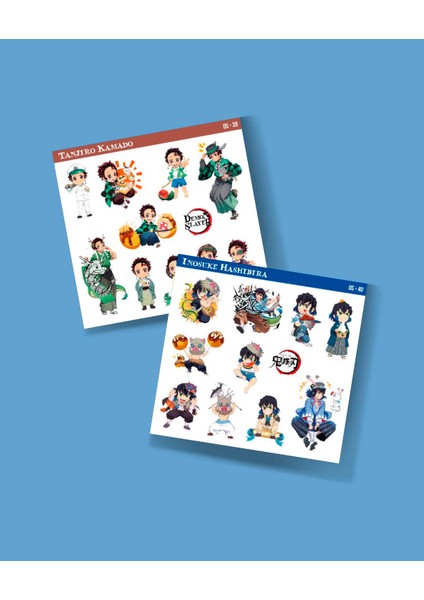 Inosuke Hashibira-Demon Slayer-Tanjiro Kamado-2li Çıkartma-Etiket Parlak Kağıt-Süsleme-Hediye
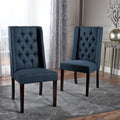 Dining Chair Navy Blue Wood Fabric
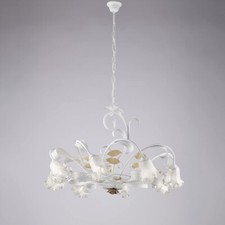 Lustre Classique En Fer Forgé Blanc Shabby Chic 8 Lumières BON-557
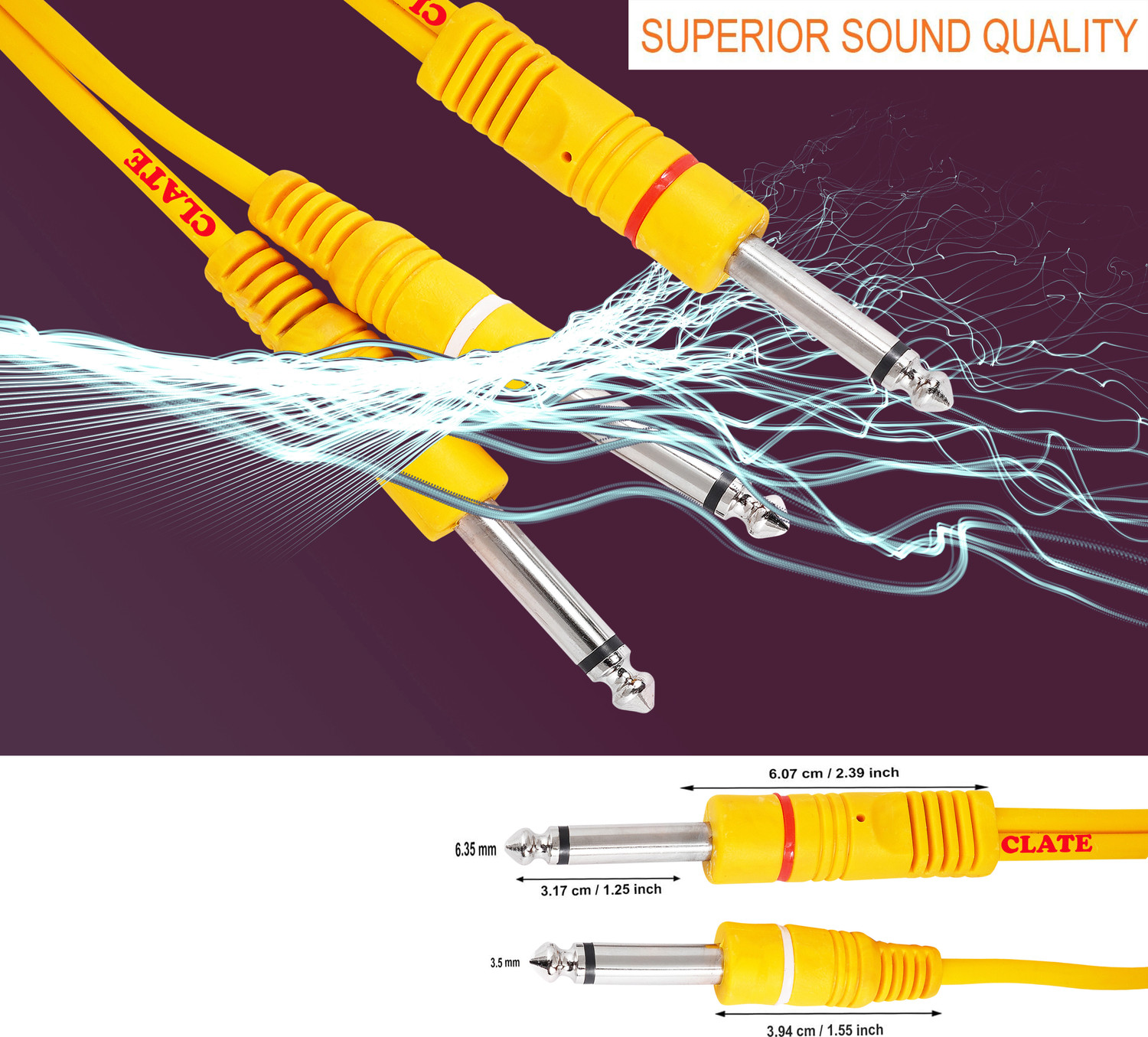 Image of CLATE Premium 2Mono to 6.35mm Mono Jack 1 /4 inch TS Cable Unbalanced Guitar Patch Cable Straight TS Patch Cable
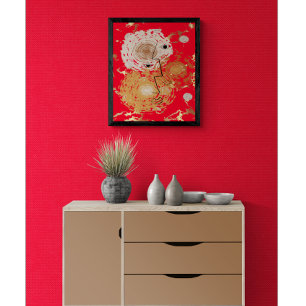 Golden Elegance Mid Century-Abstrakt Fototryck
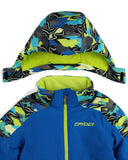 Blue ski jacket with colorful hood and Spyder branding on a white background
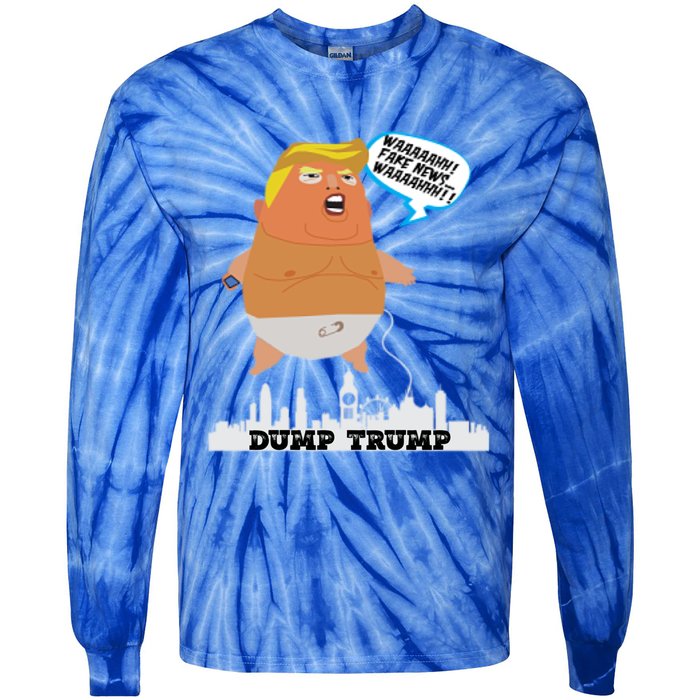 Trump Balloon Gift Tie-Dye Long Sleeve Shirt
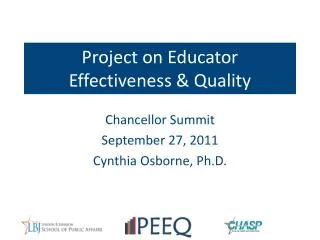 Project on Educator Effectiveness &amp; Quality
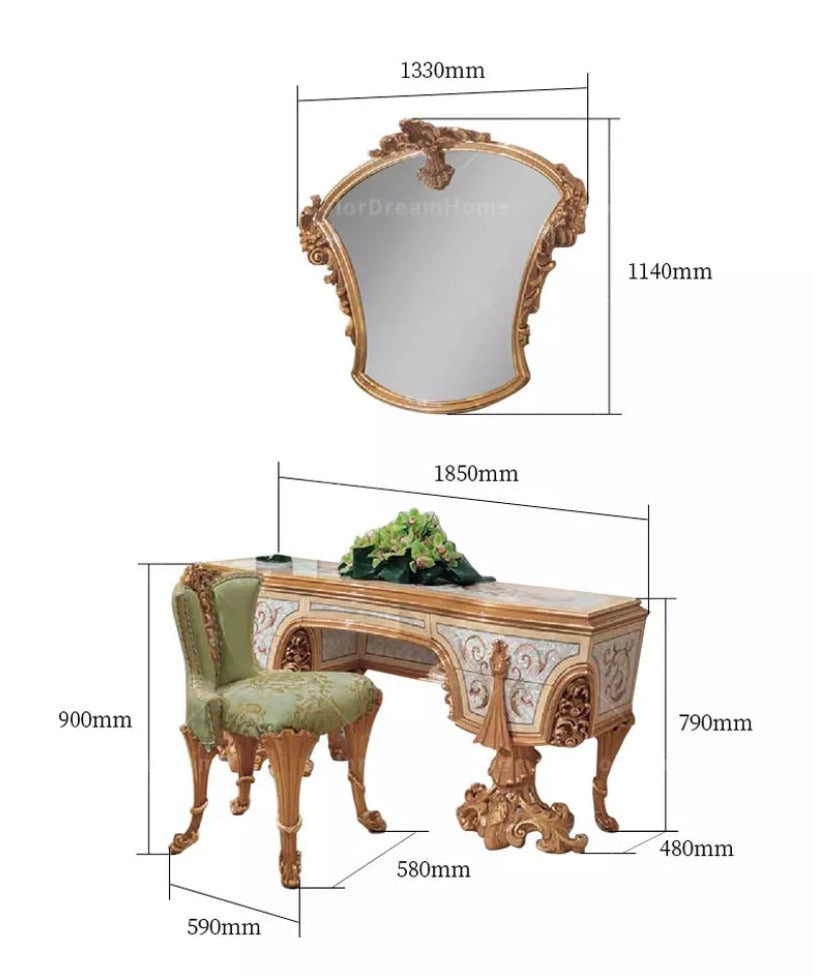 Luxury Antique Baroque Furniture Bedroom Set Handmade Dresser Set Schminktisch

- Assignment -
Print nothing except the lines from the one with "Project on Educator" through the last line of the listing, exactly as written and with pictures removed.

- Your response -
 Project on Educator Effectiveness &amp; Quality
 Luxury Antique Baroque Furniture Bedroom Set Handmade Dresser Set Schminktisch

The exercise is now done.